Says the guy who programmed on a 3mhz processor. Yes you read that right and 64k was NOT enough.
I see a lot of theoretical answers, but no practical advice for your scenario. What I'm guessing is that you have a large number of parameters to pass down through a number of function calls, and you're worried about accumulated overhead from many levels of call frames and many parameters at each level. Otherwise your concern is completely unfounded.
If this is your scenario, you should probably put all of the parameters in a "context" structure and pass a pointer to that structure. This will ensure data locality, and makes it so you don't have to pass more than one argument (the pointer) at each function call.

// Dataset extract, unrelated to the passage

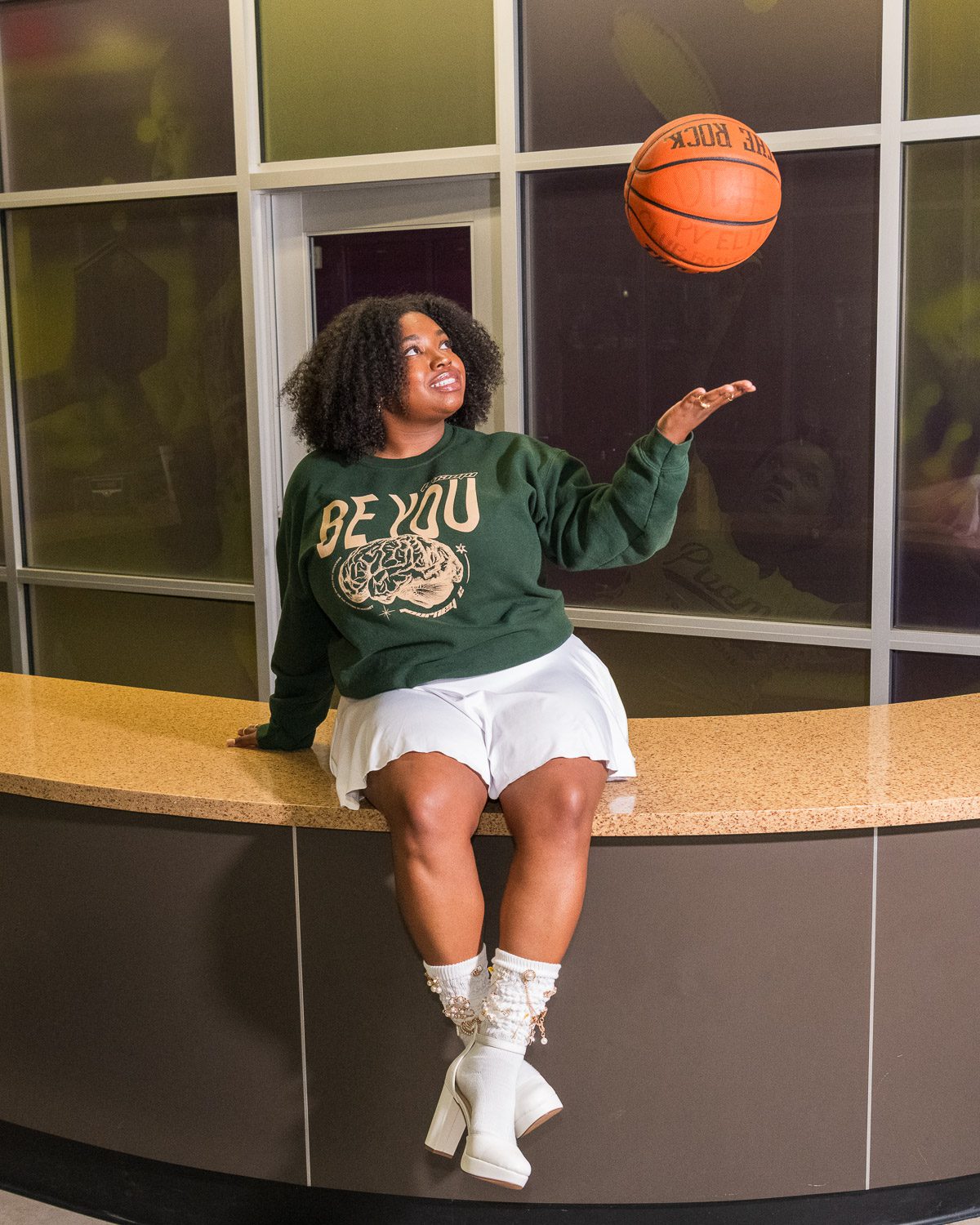 Senior girl sitting on a counter indoors, wearing a green “Be You” sweatshirt and white outfit while spinning a basketball on her finger and smiling.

Parameters accessed this way are slightly more expensive to access than true function arguments (you need an extra register to hold the pointer to the base of the structure, as opposed to the frame pointer which would serve this purpose with function arguments), and individually (but probably not with cache effects factored in) more expensive to access than global variables in normal, non-PIC code. However, if your code is in a shared library/DLL using position independent code, the cost of accessing parameters passed by pointer to struct is cheaper than accessing a global variable and identical to accessing static variables, due to GOT and GOT-relative addressing. This is another reason never to use global variables for parameter passing: if you may eventually put your code in a shared library/DLL, any possible performance benefits will suddenly backfire!
Like everything else: yes and no. There is no one answer because it depends on context.
Counterpoints:
Imagine programming on Itanium where you have hundreds of registers. You can put quite a few globals into those, which will be faster than the typical way globals are implemented in C (some static address (although they might just hardcode the globals into instructions if they are word length)). Even if the globals are in cache the whole time, registers may still be faster.
In Java, overuse of globals (statics) can decrease performance because of initialization locks that have to be done. If 10 classes want to access some static class, they all have to wait for that class to finish initializing its static fields, which can take anywhere form no time up to forever.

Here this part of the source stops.